Dark-Web Shoppers Are Bidding $350,000 in Bitcoin for a Stolen Painting—and It’s Likely a Fake

“No serious collectors” buy art on the dark web—or do they?

Gottfried Lindauer, Chief Ngatai-Raure. Photo courtesy International Art Center.

In April, two 133-year-old paintings of Māori tribal leaders Chief and Chieftainess Ngatai-Raure by Gottfried Lindauer were stolen from an Auckland gallery in a 4 am smash-and-grab raid.

Now, an online bitcoin auction for a stolen Lindauer painting has some wondering whether the dark web presents a new threat to the legitimate fine-art market. But the director of International Art Center, the Auckland gallery that the work was stolen from, has assured artnet News that the painting being advertised is a fake.

“It is obvious this is a hoax,” wrote International Art Center director Richard Thomson in an email to artnet News, adding that “no serious art collector” would be buying art on the dark web. (This is not to say, however, that nobody buys art on the dark web—in fact, new tools have been developed to spot fakes or stolen works sold in these shadowy parts of the internet.)

The auction for the portrait Chief Ngatai-Raure (1884), which has been running on the illicit White Shadow market for at least a month, was brought to wide attention by an article in Wired last week. The technology magazine reported the listing by seller “Diabolo” as reading, “Here you can bid on an [sic] TOP SECRET original Painting from Bohemian painter Gottfried Lindauer that was stolen in New Zealand, Auckland 2017.”

The auction is scheduled to end on December 28. There have been several bids already, the leading of which is 35.1129 bitcoin, which is equal to around $350,000 and exceeds the painting’s legitimate auction price. The “buy now” price is more than $800,000.

“The paintings were worth between NZ$350,000-450,000 ($250,000-$300,000) each but for the time being they are absolutely worthless—even in an underworld—until clear title can be given,” said Thomson. “Whoever is bidding should have purchased them from us in the first place and saved themselves a whole lot of money and trouble. But of course that’s all smoke and mirrors too—there is no such person. It’s absolute nonsense.”

Gottfried Lindauer, Chieftainess Ngatai-Raure. Photo courtesy International Art Center.

Thomson maintains the painting that is advertised online is a forgery. “The picture is photoshopped into an antique frame. It is incorrectly proportioned and there are subtle things that only I know,” he explained. “The seller is also offering a $10 million jet.

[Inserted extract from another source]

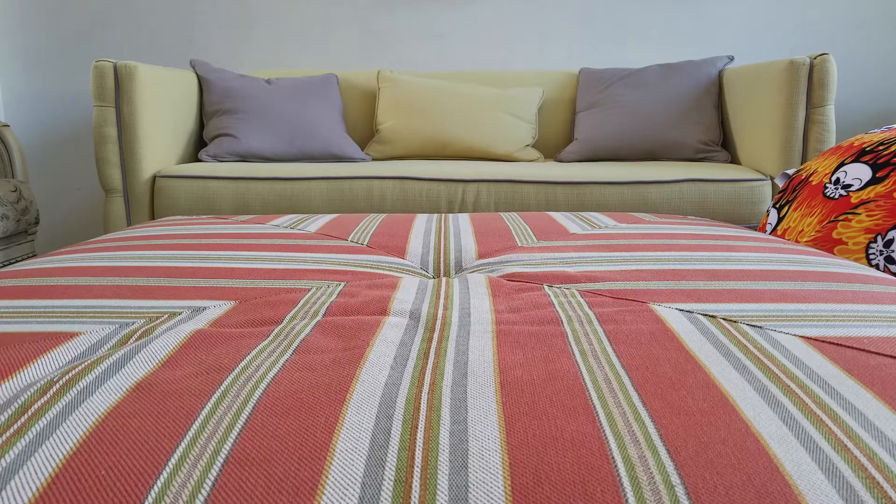In the following video I'm going to do the Pharrell Williams Human Race — the NMD Human Race. This one is the yellow color.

But there are no remotely similar jets missing. Go figure!”

Alongside Charles Frederick Goldie, Lindauer is the best known painter of New Zealand’s indigenous tribes and his paintings can fetch a lot on the market. According to the artnet price database the Czech artist’s auction record is for Hinemoa (1899), which sold at Christie’s London in 2016 for £125,000 ($154,817).

The sale of Lindauer’s portraits of tribal ancestors can be controversial because of the indigenous belief that the paintings are living descendants. When a Lindauer exhibition came to Berlin in 2014, a blessing was carried out by the Haerewa—the Auckland Art Gallery’s Māori Advisory Group)—supported by nine members of the Ngati Ranana Māori London Club.

Thomson said the International Art Center had worked closely with ancestors and whanau (or extended family), who have “continually supported us in the identification of subjects by these artists.” If the stolen works are recovered by authorities, they’ll be owned by insurance companies, an unbefitting fate for the ancestors depicted.

As to what the Māori make of the theft, Thomson demurs. “All they tell me is that bad karma will be visiting the culprits soon—if it has not already.”